This.

The world goes round and round, it never has a perfect ending.

Someting new.

Has it always been like this? Well for the past days or weeks, we've been constant about it. Do you reall think I caused all of this? Do you really believe that it was all my fault? Or did you want to blame it on me just cause you wanted to. Or did you really not mean it and had just said that. Why do you get so frustrated with me, Why do you always think Im not trying hard enough.You know, whenever I see that look on your face when I didnt get it, you have no idea how I feel inside. I felt like I disappointed you, felt like its all my fault. So I guess it wasnt wrong of you to blame it on me or be frustrated with me when i didnt. But you know, before i look at your face, I dont great inside either, but when I see how you react, it hurts me even more. You really think that I didn't give you a tap on purpose? I truly didn't see it. And when I did see it and was about to reach, you already took it back. Thats why, Yes I did look at you, your face.
It is all just my fault, sorry for making you get hurt because ' I didn't try'.
-Oh yeah, whoever said they had a nice gym, your wrong. Damn those slippery floors. But hey, I almost did the splits.

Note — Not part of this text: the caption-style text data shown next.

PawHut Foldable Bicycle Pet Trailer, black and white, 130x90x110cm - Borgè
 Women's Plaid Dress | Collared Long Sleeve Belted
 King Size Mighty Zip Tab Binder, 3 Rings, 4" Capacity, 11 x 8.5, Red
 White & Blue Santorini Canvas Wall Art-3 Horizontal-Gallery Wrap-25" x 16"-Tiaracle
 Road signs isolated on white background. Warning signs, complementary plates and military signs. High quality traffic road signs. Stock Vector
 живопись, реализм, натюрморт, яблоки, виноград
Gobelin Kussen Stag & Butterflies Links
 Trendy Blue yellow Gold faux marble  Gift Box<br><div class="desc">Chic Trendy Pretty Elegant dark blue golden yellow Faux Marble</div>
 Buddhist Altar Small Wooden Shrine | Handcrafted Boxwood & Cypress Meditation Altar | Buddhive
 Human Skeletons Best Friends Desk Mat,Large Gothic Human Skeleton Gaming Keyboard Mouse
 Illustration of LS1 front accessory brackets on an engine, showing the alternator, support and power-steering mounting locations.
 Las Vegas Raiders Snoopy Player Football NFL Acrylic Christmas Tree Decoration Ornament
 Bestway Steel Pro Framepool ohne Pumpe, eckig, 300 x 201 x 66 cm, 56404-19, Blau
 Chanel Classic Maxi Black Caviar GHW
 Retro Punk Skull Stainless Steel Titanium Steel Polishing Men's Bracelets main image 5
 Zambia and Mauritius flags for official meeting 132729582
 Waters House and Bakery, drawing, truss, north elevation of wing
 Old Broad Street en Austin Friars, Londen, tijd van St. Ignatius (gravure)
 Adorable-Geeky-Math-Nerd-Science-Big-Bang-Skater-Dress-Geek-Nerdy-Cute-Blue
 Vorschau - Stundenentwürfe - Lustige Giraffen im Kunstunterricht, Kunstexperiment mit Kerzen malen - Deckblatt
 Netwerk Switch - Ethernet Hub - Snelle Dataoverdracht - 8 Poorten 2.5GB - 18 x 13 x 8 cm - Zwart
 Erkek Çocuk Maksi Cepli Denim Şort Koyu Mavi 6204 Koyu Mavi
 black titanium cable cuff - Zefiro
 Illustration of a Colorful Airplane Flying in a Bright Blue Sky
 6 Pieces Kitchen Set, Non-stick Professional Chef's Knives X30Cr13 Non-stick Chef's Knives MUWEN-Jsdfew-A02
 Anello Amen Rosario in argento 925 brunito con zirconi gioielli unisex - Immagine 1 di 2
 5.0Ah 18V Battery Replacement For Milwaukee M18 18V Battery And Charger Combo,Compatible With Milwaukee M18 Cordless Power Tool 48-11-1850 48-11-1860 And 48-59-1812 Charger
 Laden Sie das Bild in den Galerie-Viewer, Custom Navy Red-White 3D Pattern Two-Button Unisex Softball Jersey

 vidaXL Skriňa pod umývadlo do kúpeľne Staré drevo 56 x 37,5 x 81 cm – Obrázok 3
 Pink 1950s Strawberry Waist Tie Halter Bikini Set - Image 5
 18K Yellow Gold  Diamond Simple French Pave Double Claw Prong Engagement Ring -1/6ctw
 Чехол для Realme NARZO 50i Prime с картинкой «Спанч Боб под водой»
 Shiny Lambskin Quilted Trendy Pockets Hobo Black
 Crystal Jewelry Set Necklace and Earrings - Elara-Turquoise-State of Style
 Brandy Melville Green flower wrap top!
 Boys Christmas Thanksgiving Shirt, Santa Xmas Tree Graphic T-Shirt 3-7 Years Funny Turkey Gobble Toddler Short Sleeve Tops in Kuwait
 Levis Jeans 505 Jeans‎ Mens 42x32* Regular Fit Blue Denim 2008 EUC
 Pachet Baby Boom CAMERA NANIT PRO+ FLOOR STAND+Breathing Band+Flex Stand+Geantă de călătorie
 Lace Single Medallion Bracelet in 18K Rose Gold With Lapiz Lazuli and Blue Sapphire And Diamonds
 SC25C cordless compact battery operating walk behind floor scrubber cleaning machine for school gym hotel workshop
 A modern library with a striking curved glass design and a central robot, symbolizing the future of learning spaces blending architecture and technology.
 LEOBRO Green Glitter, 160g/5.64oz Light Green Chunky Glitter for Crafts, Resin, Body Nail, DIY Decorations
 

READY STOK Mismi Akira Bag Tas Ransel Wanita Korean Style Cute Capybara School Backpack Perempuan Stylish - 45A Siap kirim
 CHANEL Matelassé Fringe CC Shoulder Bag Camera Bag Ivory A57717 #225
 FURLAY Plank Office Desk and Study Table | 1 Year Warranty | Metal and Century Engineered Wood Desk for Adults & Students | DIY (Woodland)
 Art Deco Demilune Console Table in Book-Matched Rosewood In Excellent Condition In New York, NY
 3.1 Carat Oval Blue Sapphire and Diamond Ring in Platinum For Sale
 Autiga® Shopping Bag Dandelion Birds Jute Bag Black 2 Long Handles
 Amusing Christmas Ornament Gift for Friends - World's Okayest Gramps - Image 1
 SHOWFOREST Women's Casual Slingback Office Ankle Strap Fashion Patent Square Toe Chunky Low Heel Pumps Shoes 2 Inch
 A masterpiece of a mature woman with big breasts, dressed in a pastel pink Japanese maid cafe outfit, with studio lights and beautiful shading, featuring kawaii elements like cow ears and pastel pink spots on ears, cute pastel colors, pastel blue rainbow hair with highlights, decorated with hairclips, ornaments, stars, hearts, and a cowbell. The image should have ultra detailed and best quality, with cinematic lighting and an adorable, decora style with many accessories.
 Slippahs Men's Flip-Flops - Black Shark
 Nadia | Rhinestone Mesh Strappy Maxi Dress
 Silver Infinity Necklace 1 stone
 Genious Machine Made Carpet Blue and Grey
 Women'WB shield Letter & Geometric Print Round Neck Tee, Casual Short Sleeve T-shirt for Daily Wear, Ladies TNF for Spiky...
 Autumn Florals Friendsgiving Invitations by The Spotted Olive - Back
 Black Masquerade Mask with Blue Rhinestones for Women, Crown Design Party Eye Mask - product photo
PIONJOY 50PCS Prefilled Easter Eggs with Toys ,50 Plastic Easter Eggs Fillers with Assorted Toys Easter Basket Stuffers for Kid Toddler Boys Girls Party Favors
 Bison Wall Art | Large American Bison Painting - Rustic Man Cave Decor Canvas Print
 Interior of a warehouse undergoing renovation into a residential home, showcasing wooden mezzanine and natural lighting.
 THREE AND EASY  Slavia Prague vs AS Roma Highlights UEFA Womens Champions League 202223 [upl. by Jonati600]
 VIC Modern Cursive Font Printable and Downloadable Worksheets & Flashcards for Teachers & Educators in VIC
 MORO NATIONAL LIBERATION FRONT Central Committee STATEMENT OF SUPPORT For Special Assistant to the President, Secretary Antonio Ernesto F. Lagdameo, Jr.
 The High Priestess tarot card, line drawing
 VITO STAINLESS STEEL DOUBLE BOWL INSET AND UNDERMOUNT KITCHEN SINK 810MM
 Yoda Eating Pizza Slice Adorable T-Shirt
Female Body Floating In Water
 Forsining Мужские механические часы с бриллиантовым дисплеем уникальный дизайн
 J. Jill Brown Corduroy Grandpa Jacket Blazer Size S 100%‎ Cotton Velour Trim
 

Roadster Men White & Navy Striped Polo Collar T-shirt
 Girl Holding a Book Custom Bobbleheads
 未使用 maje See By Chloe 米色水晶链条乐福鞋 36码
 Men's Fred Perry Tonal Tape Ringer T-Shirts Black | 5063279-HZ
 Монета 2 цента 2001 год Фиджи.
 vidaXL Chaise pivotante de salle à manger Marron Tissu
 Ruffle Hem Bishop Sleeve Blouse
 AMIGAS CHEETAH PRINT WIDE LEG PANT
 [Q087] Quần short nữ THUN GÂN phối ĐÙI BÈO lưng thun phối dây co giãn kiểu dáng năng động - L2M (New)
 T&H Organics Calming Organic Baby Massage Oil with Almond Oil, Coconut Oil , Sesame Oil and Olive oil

Why does everyone want to be a peer? Now Im not sure myself if I still want to be one. Too many people are going for it, and many arent even considering to join because they want to be in the program. They just want to ' skip classes' and all those things. Especially you, why do you want to be one? Just because I am going for it, doesnt mean you do to. We don't have to do all the same things. If we all do make that class, I don' tknow what to do. I probably wouldnt be very comfortable in that class. Why, other people I might be the slightest okay with tehm, but you, im not so sure i can do it.